§ EXERCISE PROMPT:
The reply should be an exact repeat of the listing, with no pictures in it.

§ DATA EXTRACT:
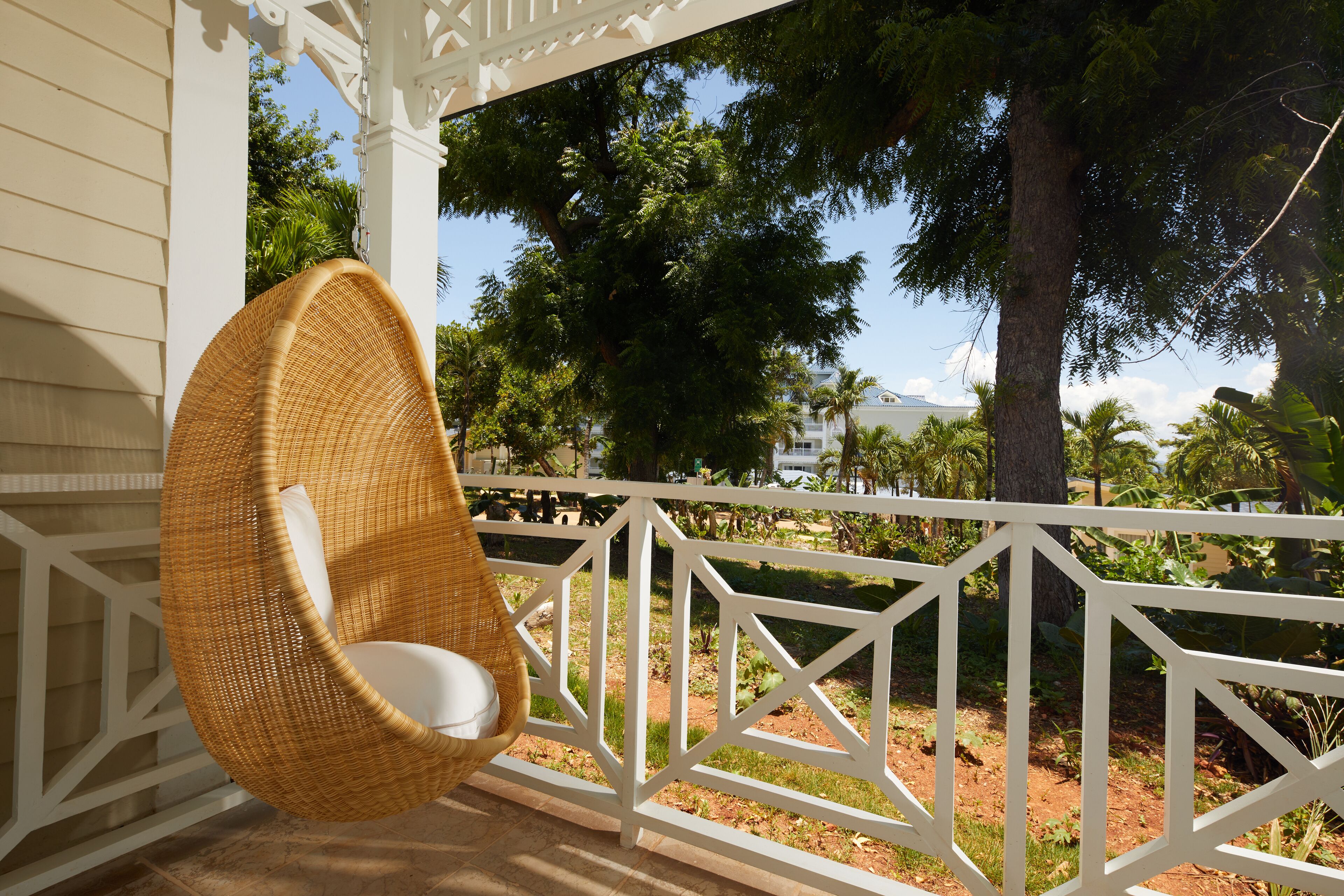A wicker chair on a porch with a white railing, overlooking a garden with trees and a distant view of a building.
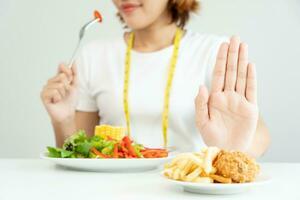 beauté svelte femelle corps embrouiller français frites et frit poulet. femme dans restaurant atteint poids perte objectif pour en bonne santé vie, fou à propos minceur, mince taille, nutritionniste. régime, corps forme. photo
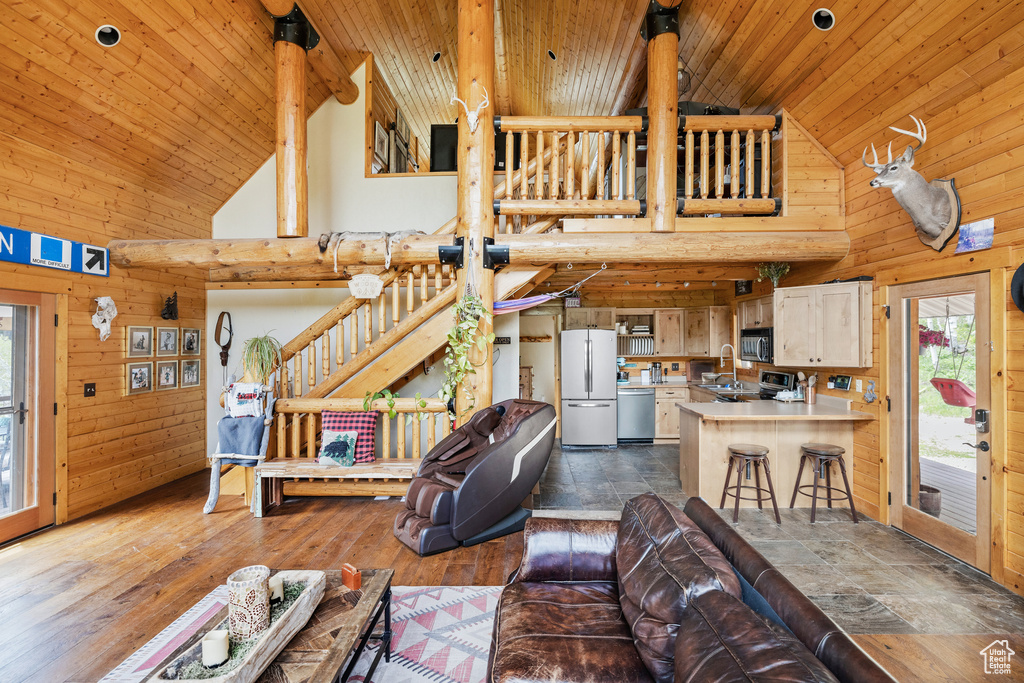 Living area featuring high vaulted ceiling, wood ceiling, wooden walls, and dark wood-style flooring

§ TASK OUTPUT:
A wicker chair on a porch with a white railing, overlooking a garden with trees and a distant view of a building.
 beauté svelte femelle corps embrouiller français frites et frit poulet. femme dans restaurant atteint poids perte objectif pour en bonne santé vie, fou à propos minceur, mince taille, nutritionniste. régime, corps forme. photo
 Living area featuring high vaulted ceiling, wood ceiling, wooden walls, and dark wood-style flooring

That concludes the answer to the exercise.